Health Relations: Kürzlich haben Sie einen neuen Vertrag unterschrieben, der die Berufsorientierung noch vertiefen soll.

Annerose Prager: Ja, bisher war außerhalb des Praktikumsvertrags mit jedem Schüler vertraglich nichts geregelt. Nun ist unsere Zusammenarbeit, wie sie bisher erfolgte, schriftlich fixiert. Zusätzlich bietet die Schule an, den Austausch untereinander zu verstärken, z.B. durch die Teilnahme einer Krankenhausvertreterin an Elternabenden, die dabei u.a. die Ausbildungsmöglichkeiten im Krankenhaus vorstellt. Darüber hinaus übernimmt das Krankenhaus eine Patenschaft für Schüler, die sich als besonders geeignet für die Gesundheitsberufe erwiesen haben. Diese dürfen dann in den Ferien gegen Entgelt bei uns arbeiten und erhalten vorzeitig einen Ausbildungsvertrag.

Health Relations: Warum haben Sie sich als Krankenhaus entschlossen, sich darum zu bemühen, Schüler möglichst früh eine Berufsorientierung zu bieten?

Annerose Prager: Die Gründe liegen in den sinkenden Bewerberzahlen und dem damit einhergehenden fehlenden Nachwuchs an Fachkräften.

Health Relations: Wie erfolgreich ist das „Projekt Praxislernen“?

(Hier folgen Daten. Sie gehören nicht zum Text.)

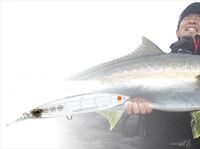 �f���G�� �I�t�V���A�v���O �n�[�h�R�A �o���b�g�t�@�X�g (S) 140mm 10 TM �N���A�[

Annerose Prager: Wir haben die Möglichkeit, potenzielle Bewerber für die Ausbildung frühzeitig kennenzulernen. Außerdem können wir ein positives Bild der Gesundheitsberufe vermitteln und bieten individuelle Entwicklungsmöglichkeiten in der beruflichen Orientierung. Beispielsweise können „schlechte“ Schüler durchaus gute oder sehr gute „Praktiker“ sein. Die Schüler haben auch Vorteile: Sie können sich ausprobieren und lernen neue Berufsbilder kennen.

Health Relations: Welche Vorteile haben Sie als Krankenhaus davon?

Annerose Prager: Das Projekt hilft uns bei der Nachwuchssicherung von Fachkräften. Das ist notwendig, um die Gesundheitsversorgung stabil aufrechterhalten zu können. Darüber hinaus leisten wir damit einen Beitrag für unsere Region, indem wir z.B. junge Leute an ihren Wohnort binden, und außerdem vermitteln wir ein positives Image der Region nach außen.

Health Relations: Hilft es Ihnen auch zu verstehen, was jungen Leuten für ihre zukünftige Berufsausübung wichtig ist?

Annerose Prager: Eher weniger, denn dafür sind die Schüler meist zu unerfahren. Was jungen Mitarbeitern für ihre Berufsausübung wichtig ist, lernen wir aber von unseren Azubis.

Health Relations: Und was ist das?

Annerose Prager: Sie wünschen sich eine geregelte Arbeitszeit. Ausreichend Freizeit zu haben, ist ihnen auch wichtiger geworden. Außerdem wollen sie frühzeitig vertragliche Sicherheit haben. Das bieten wir ihnen beispielsweise durch einen Arbeitsvertrag, den sie bereits sechs Monate vor dem Ende der Ausbildung unterschreiben können.

Health Relations: Wie finden die Schüler das Projekt?

Annerose Prager: Die Reaktionen sind sehr unterschiedlich: Manche Schüler tun sich sehr schwer, fallen dann oft aus. Sie wirken überfordert oder desinteressiert. Aber es gibt auch viele andere, die sehr interessiert und eifrig sind. Manche sind sogar bereit, außerhalb der festgelegten Praktika zum Arbeiten zu kommen.